TECM Teórica - Prova Teórica de Clínica Médica — Prova 2024
A profilaxia pós-exposição ao HIV (Vírus da Imunodeficiência Humana) faz parte da mandala de prevenção combinada. Diante dessa informação, assinale a alternativa incorreta.
PEP HIV → Iniciar até 72h, manter por 28 dias com TDF + 3TC + DTG (esquema triplo).
A PEP é uma urgência médica que deve ser iniciada preferencialmente nas primeiras 2 horas, com limite de 72 horas. O esquema atual preconiza terapia tripla para máxima eficácia.

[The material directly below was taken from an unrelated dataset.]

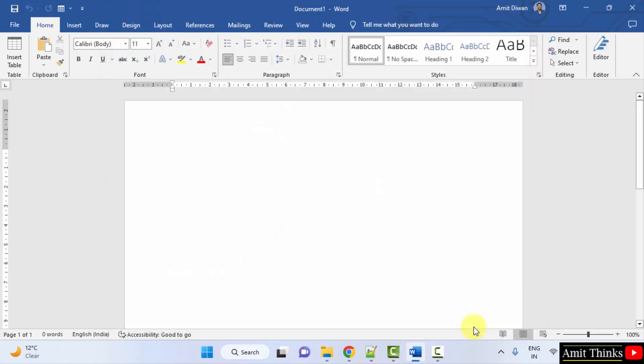So guys, in this video we saw how we can easily add any option to quick access toolbar on Microsoft Word 2019. Thank you for watching the video.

A Profilaxia Pós-Exposição (PEP) é um componente vital da Mandala de Prevenção Combinada do HIV. Ela consiste no uso de medicamentos antirretrovirais após uma possível exposição ao vírus para reduzir o risco de infecção. A fisiopatologia baseia-se em impedir a replicação viral sistêmica antes que o vírus se estabeleça nos reservatórios latentes do organismo. O manejo clínico exige rapidez no atendimento, pois trata-se de uma urgência biológica. Além da prescrição medicamentosa, o protocolo inclui a realização de testes rápidos para HIV, Sífilis e Hepatites B e C, além do acompanhamento sorológico após o término dos 28 dias de tratamento. O uso do Dolutegravir como terceiro fármaco elevou a barreira genética e a tolerabilidade do esquema, aumentando a adesão dos pacientes ao tratamento profilático.
O prazo máximo é de 72 horas após a exposição de risco. No entanto, a eficácia é significativamente maior quando iniciada nas primeiras 2 horas. Após 72 horas, a profilaxia não é mais indicada, pois o vírus já terá se integrado ao genoma do hospedeiro, tornando a PEP ineficaz para prevenir a infecção crônica.
O esquema preferencial atual para adultos e adolescentes é composto por três medicamentos: Tenofovir (TDF) + Lamivudina (3TC) + Dolutegravir (DTG). Esta combinação é utilizada por 28 dias consecutivos. A simplificação para terapia dupla não é recomendada nos protocolos vigentes de profilaxia pós-exposição.
A PEP está indicada em casos de violência sexual, acidentes ocupacionais com material biológico (perfurocortantes ou contato com mucosas) e relações sexuais desprotegidas (sem preservativo ou com rompimento). A avaliação deve considerar o tipo de material biológico, o tipo de exposição e, se possível, o status sorológico da fonte.